#### [Task instructions]
Reproduce exactly the run of lines that begins with the one containing "this 600×400 image." and ends with the last line of the records, omitting pictures.
════════════════
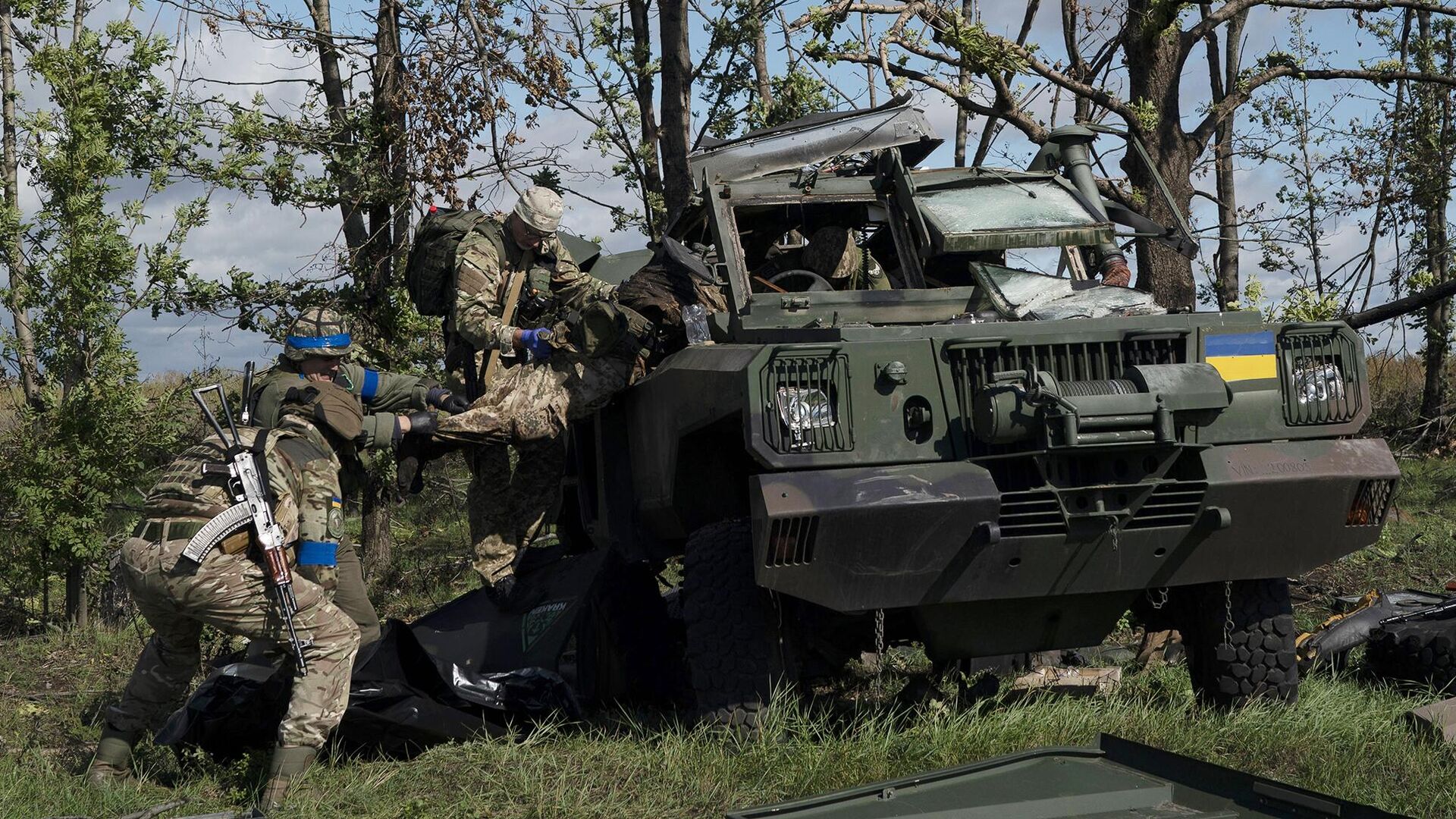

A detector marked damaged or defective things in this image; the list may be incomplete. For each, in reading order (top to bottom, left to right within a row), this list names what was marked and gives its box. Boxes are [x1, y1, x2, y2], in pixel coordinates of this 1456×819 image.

damaged armored vehicle [558, 94, 1401, 728]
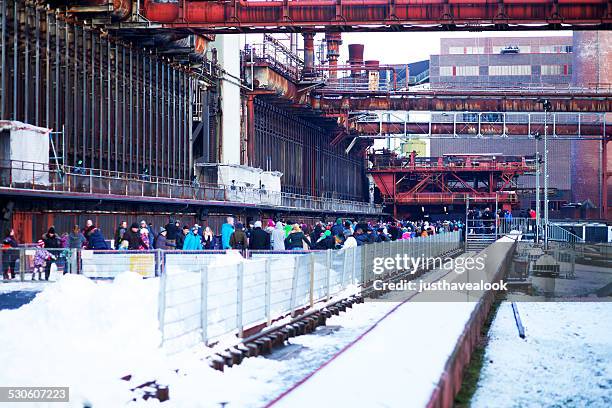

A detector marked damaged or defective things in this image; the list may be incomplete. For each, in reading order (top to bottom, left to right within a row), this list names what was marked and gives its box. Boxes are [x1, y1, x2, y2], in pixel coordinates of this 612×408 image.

rusty metal beam [139, 0, 612, 32]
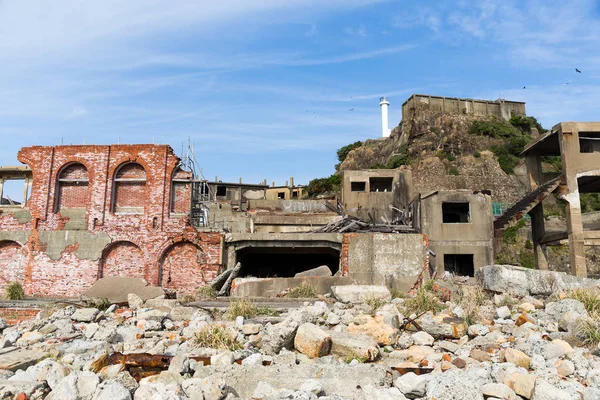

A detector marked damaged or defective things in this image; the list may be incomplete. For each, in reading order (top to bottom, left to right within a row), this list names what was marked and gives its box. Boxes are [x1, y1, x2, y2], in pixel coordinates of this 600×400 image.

broken concrete slab [82, 278, 164, 304]
broken concrete slab [330, 284, 392, 304]
broken concrete slab [478, 266, 600, 296]
broken concrete slab [0, 346, 47, 372]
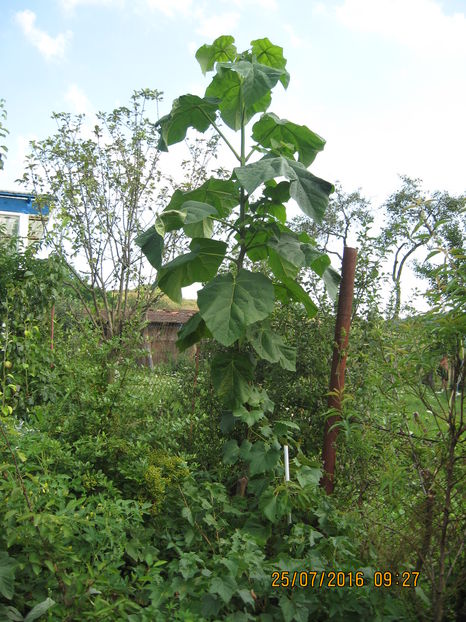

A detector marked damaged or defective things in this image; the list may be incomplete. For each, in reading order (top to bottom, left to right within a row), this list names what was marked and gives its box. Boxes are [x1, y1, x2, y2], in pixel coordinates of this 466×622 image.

rusty metal post [320, 246, 356, 494]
════════════════
#### [Exercise solution]
A detector marked damaged or defective things in this image; the list may be incomplete. For each, in reading order (top to bottom, left to right within a row), this list names what was marked and gives its box. Boxes are [x1, y1, x2, y2], in pixel coordinates of this 600×400 image.

broken concrete slab [82, 278, 164, 304]
broken concrete slab [330, 284, 392, 304]
broken concrete slab [478, 266, 600, 296]
broken concrete slab [0, 346, 47, 372]

A detector marked damaged or defective things in this image; the list may be incomplete. For each, in reading order (top to bottom, left to right within a row), this list names what was marked and gives its box. Boxes are [x1, y1, x2, y2], in pixel coordinates of this 466×622 image.

rusty metal post [320, 246, 356, 494]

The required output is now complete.